### Material for this task:
....
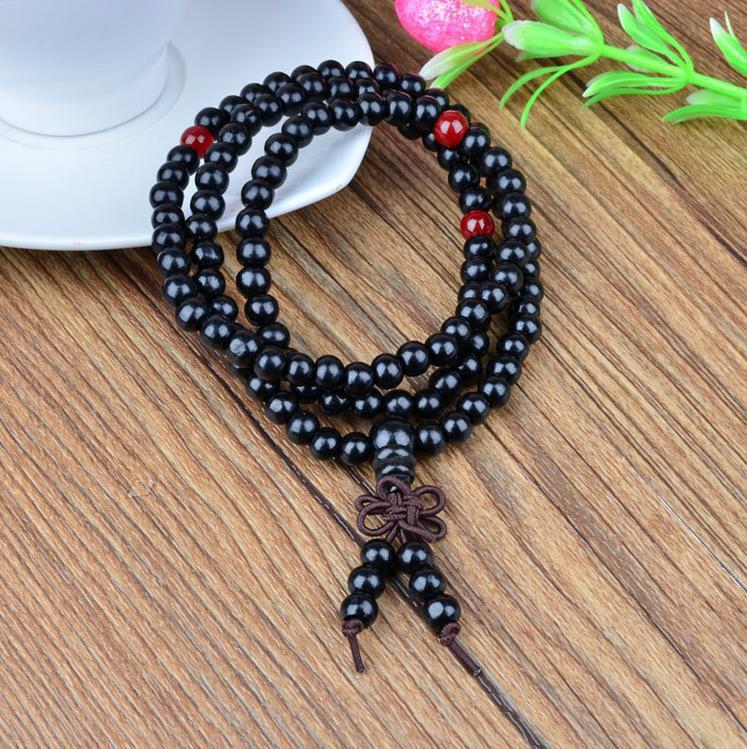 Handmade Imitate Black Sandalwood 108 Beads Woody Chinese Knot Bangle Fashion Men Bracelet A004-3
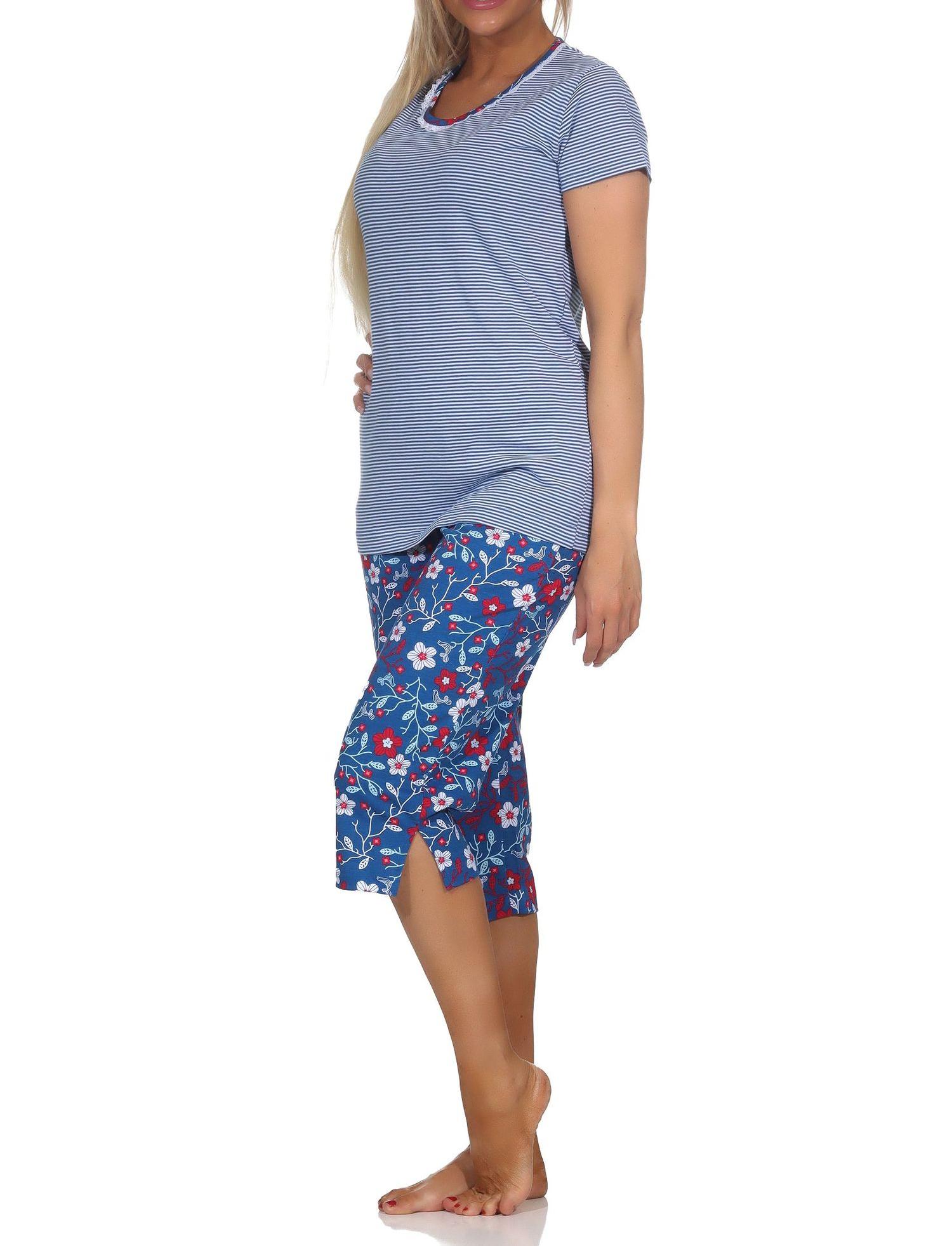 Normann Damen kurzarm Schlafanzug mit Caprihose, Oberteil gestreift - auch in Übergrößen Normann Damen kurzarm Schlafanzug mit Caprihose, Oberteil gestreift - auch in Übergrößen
....
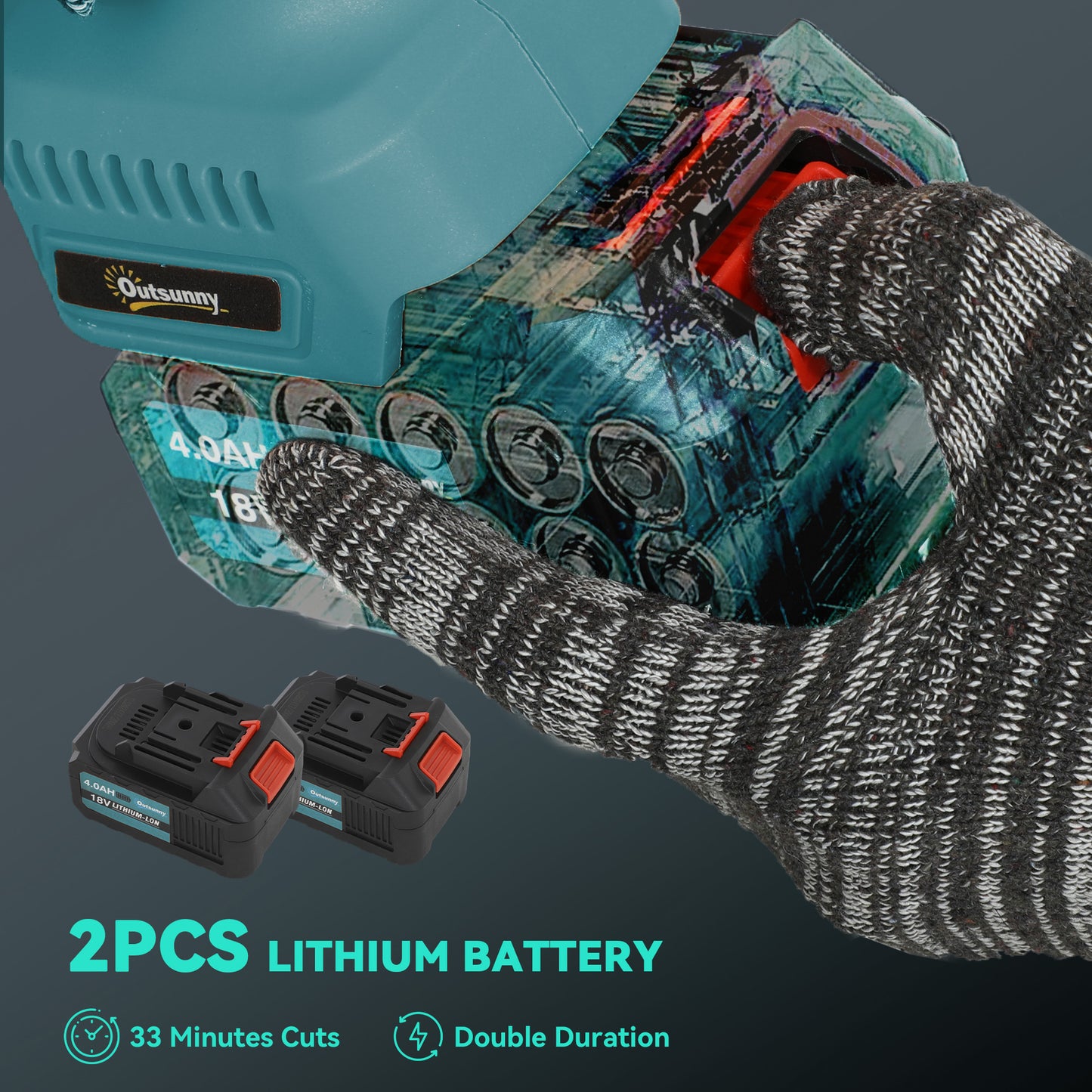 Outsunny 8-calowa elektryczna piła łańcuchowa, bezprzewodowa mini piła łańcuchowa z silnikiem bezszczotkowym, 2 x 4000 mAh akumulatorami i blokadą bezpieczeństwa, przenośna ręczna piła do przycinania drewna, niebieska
....
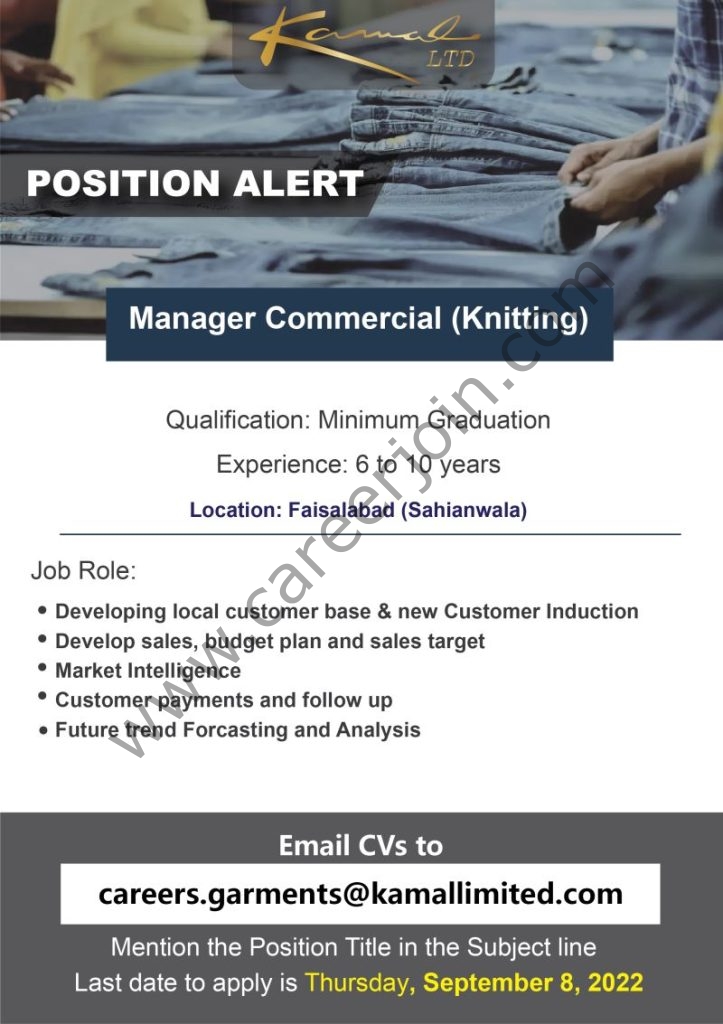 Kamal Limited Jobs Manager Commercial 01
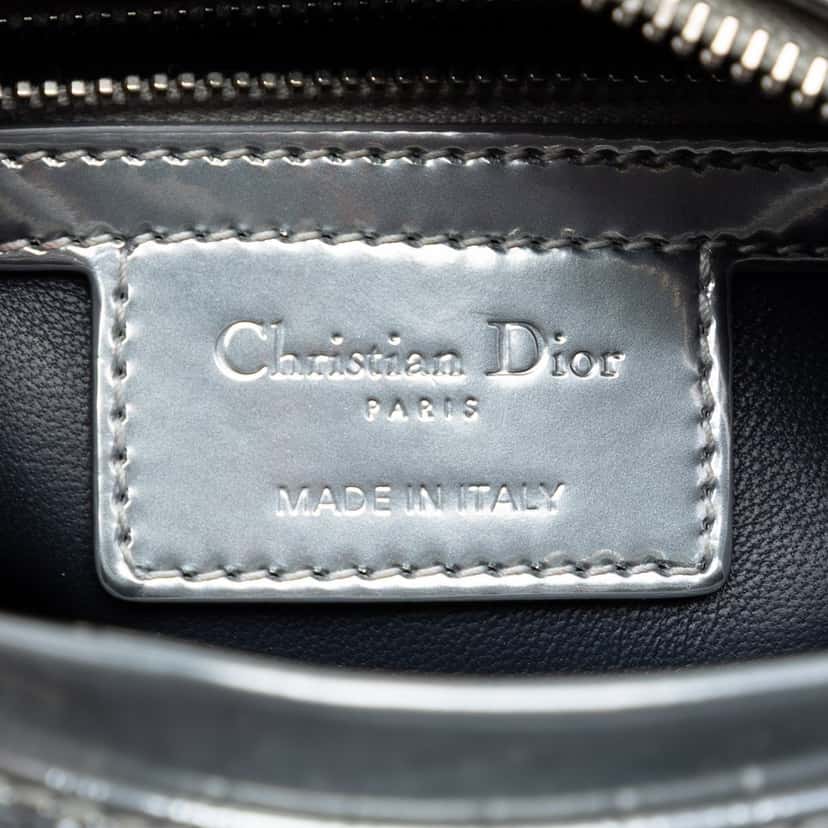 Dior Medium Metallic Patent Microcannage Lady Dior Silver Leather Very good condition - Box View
....
Leave the pictures out, and transcribe exactly the lines above starting at the one that contains "Handmade Imitate Black" and ending at the one that contains "in Übergrößen Normann".

 Handmade Imitate Black Sandalwood 108 Beads Woody Chinese Knot Bangle Fashion Men Bracelet A004-3
 Normann Damen kurzarm Schlafanzug mit Caprihose, Oberteil gestreift - auch in Übergrößen Normann Damen kurzarm Schlafanzug mit Caprihose, Oberteil gestreift - auch in Übergrößen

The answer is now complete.